Der Mörder ist immer der Fromme

Anmerkungen zum „Tatort“ und zum Streit Merkel contra Benedikt

Vermutlich haben es die wenigsten gemerkt: Es läuft zur Zeit in Deutschland eine gleichzeitige Kampagne gegen den Islam UND gegen die katholische Kirche. Die Gleichzeitigkeit fällt nur wenigen auf, weil denjenigen, die sich wegen der Intoleranz gegenüber den Moslems sorgen, die katholische Kirche bestenfalls egal ist – und umgekehrt.

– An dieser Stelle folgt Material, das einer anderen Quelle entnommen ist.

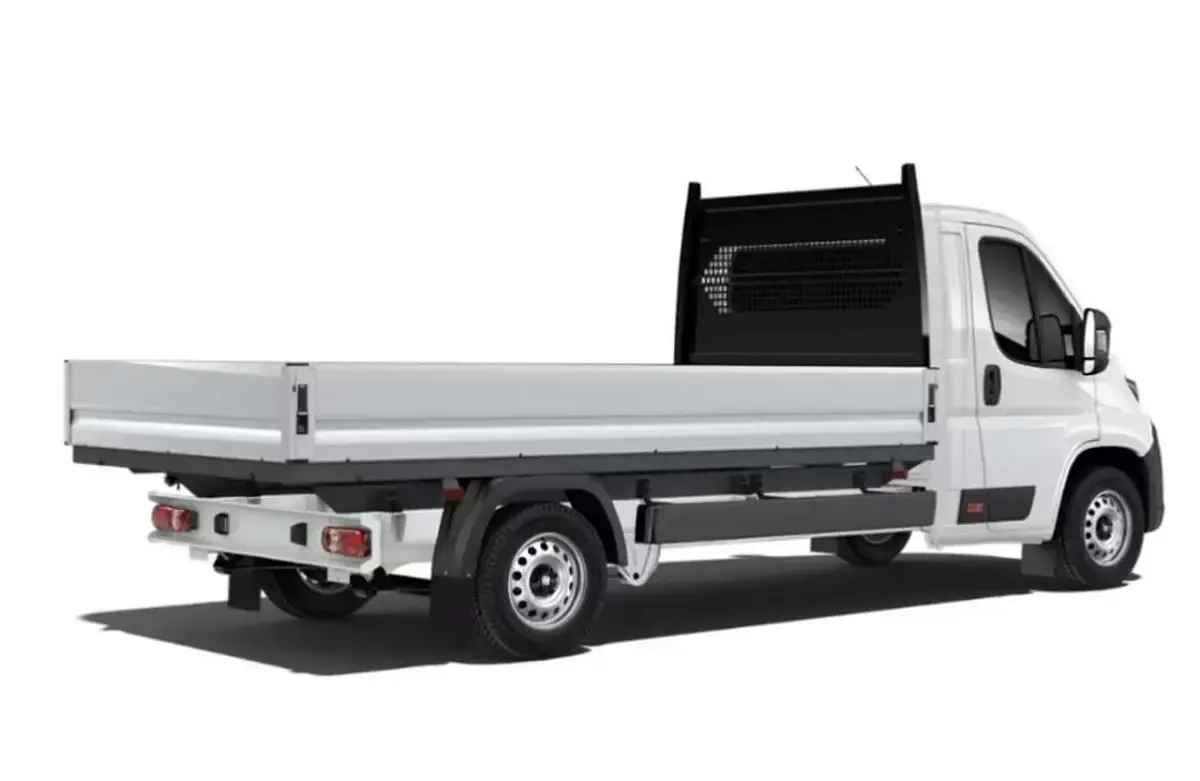 Neu Fiat Ducato 179 PS (131 kW) 2025 Icy weiß Van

Zuerst zum Tatort. Guter Krimi. Aber die Botschaft! Nichts als bösartiger Rassismus gegenüber den Moslems hierzulande. Gezeigt wird eine top-integrierte türkische Familie: Alle sprechen super deutsch, haben – im Unterschied zu den Kommissaren – gute Manieren und sind offensichtlich erfolgreiche und keineswegs mafiöse Geschäftsleute. Aber das alles nützt nichts, denn sie haben immer noch einen Makel: Sie wollen nicht von ihrem Glauben und ihren Traditionen lassen.

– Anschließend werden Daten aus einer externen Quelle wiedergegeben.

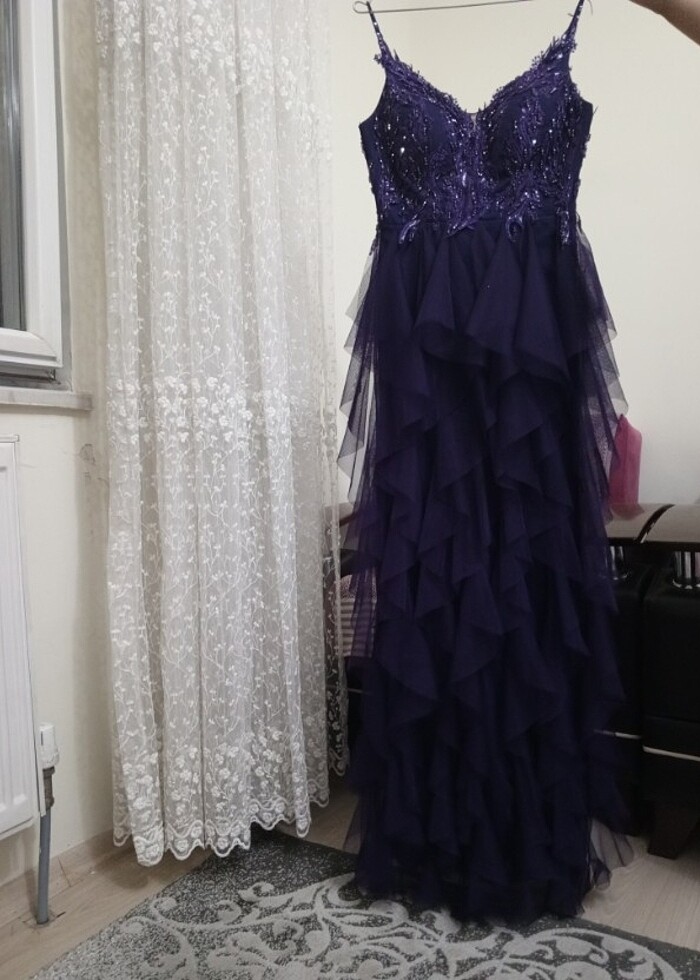 Gece elbisesi Abiye  - Görsel 4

Alle Gemeinheiten und Verbrechen in diesem Film sind ein Resultat der Frömmigkeit, die sich die Familie bewahrt hat. Der Film dehnt den Fundamentalismus-Verdacht, der ohnedies hierzulande spätestens seit 9/11 immer stärker wird, aus: Eine Gefahr „für uns“ sind nicht nur rauschebärtige Hassprediger, sondern der durchaus westlich-weltliche Türke von nebenan. „Je angepasster einer erscheint, umso größer, weil unsichtbarer ist die Gefahr. Je weniger man eine terroristische Struktur unter den Moslems hier nachweisen kann, umso verdächtiger sind irgendwie alle. Das ist die Feinderklärung an eine inländische religiöse Minderheit, wie man sie seit den dreißiger Jahren nicht mehr gegeben hat“, schrieb ich dazu in meinem Buch „Terrorziel Europa. Das gefährliche Doppelspiel der Geheimdienste“.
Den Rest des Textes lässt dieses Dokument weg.